Available data
>>>>>

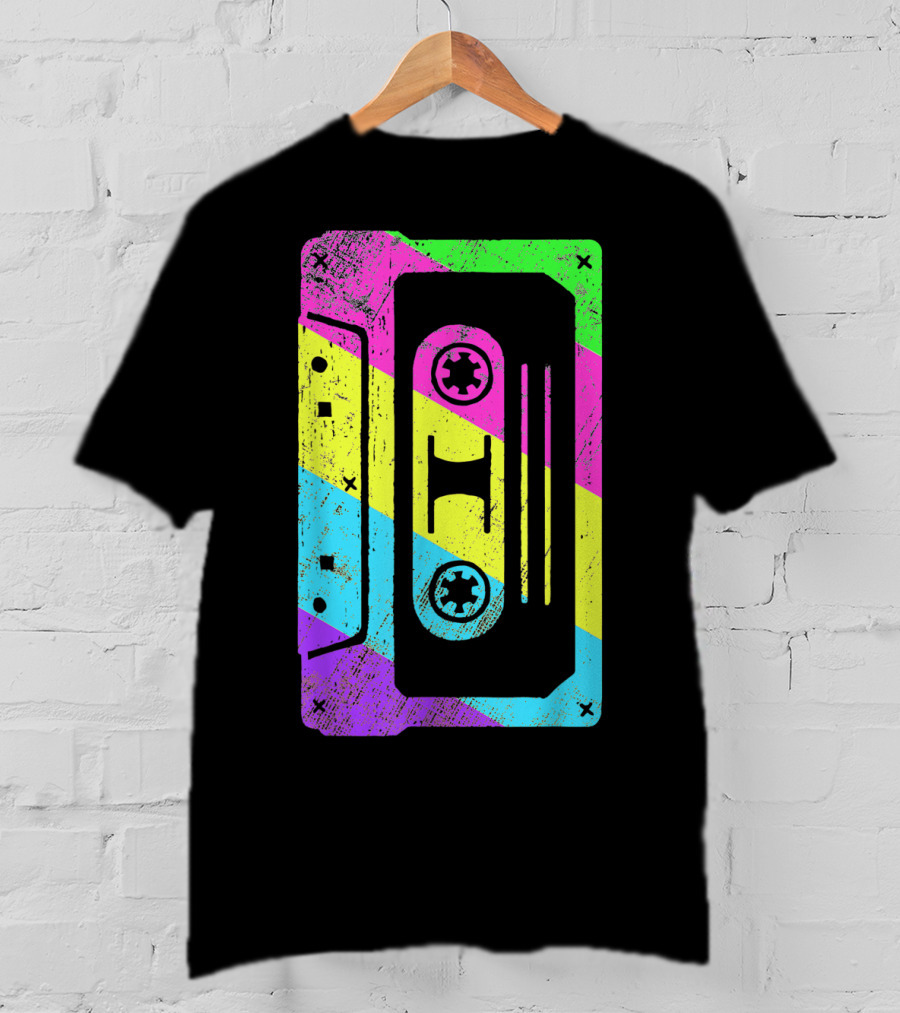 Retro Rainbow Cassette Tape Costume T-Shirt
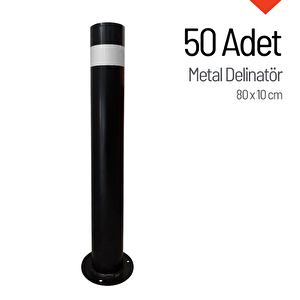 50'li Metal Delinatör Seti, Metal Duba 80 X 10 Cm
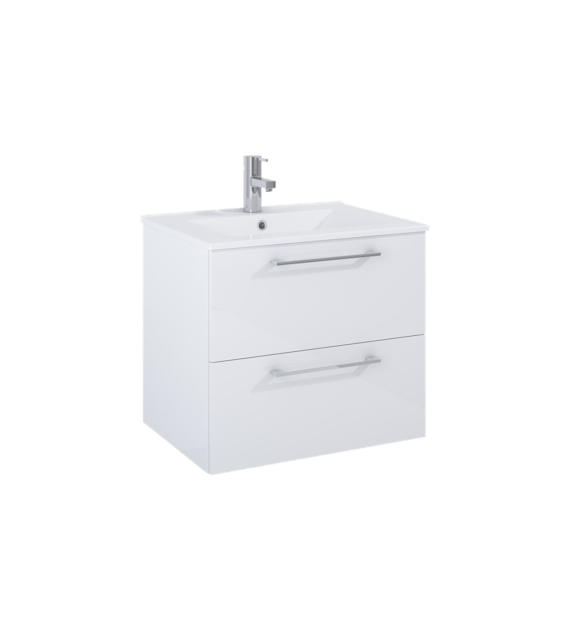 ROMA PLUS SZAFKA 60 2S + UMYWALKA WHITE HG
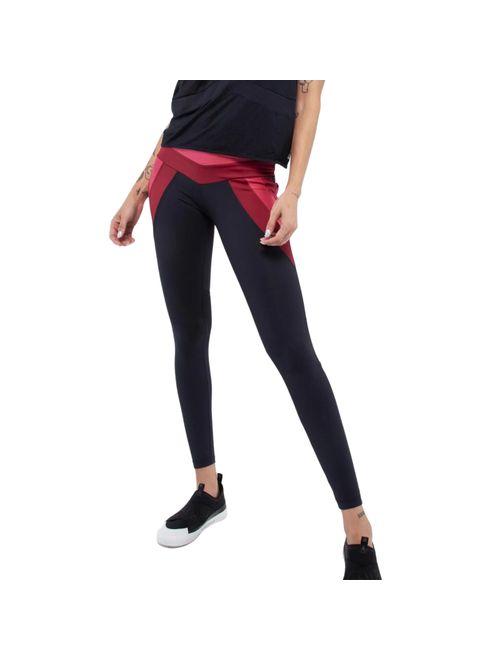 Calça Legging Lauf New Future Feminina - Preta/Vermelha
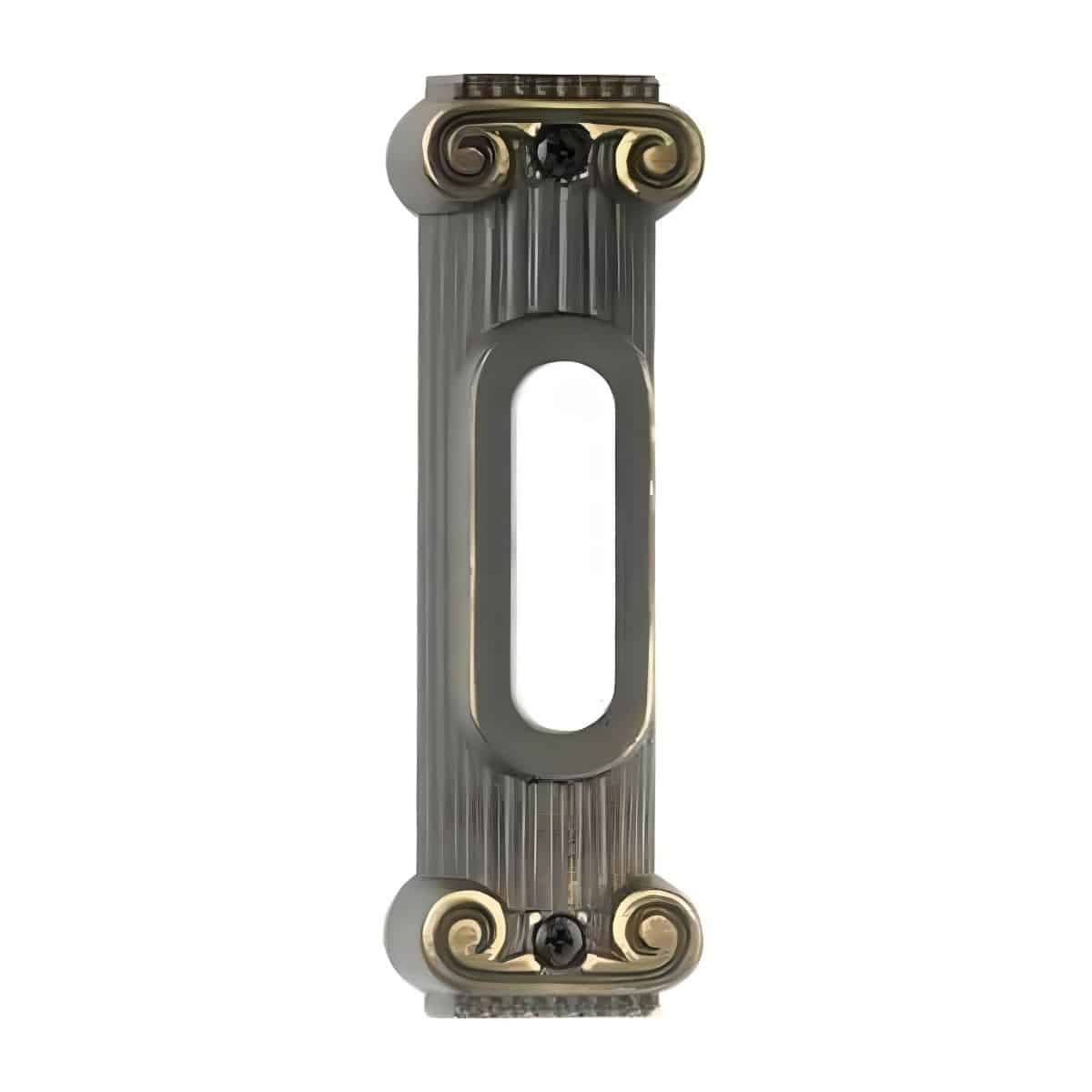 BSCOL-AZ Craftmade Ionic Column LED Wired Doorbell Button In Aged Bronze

<<<<<
>>>>>

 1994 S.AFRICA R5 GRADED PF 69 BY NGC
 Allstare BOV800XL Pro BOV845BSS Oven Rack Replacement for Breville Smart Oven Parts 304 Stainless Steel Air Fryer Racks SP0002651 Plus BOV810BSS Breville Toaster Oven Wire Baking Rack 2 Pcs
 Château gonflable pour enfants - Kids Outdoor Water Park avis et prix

<<<<<

Exercise description
Among the entries above, copy exactly only the lines starting with the one containing "Allstare BOV800XL Pro" and going through the one containing "Château gonflable pour", both ends included.

Exercise output
 Allstare BOV800XL Pro BOV845BSS Oven Rack Replacement for Breville Smart Oven Parts 304 Stainless Steel Air Fryer Racks SP0002651 Plus BOV810BSS Breville Toaster Oven Wire Baking Rack 2 Pcs
 Château gonflable pour enfants - Kids Outdoor Water Park avis et prix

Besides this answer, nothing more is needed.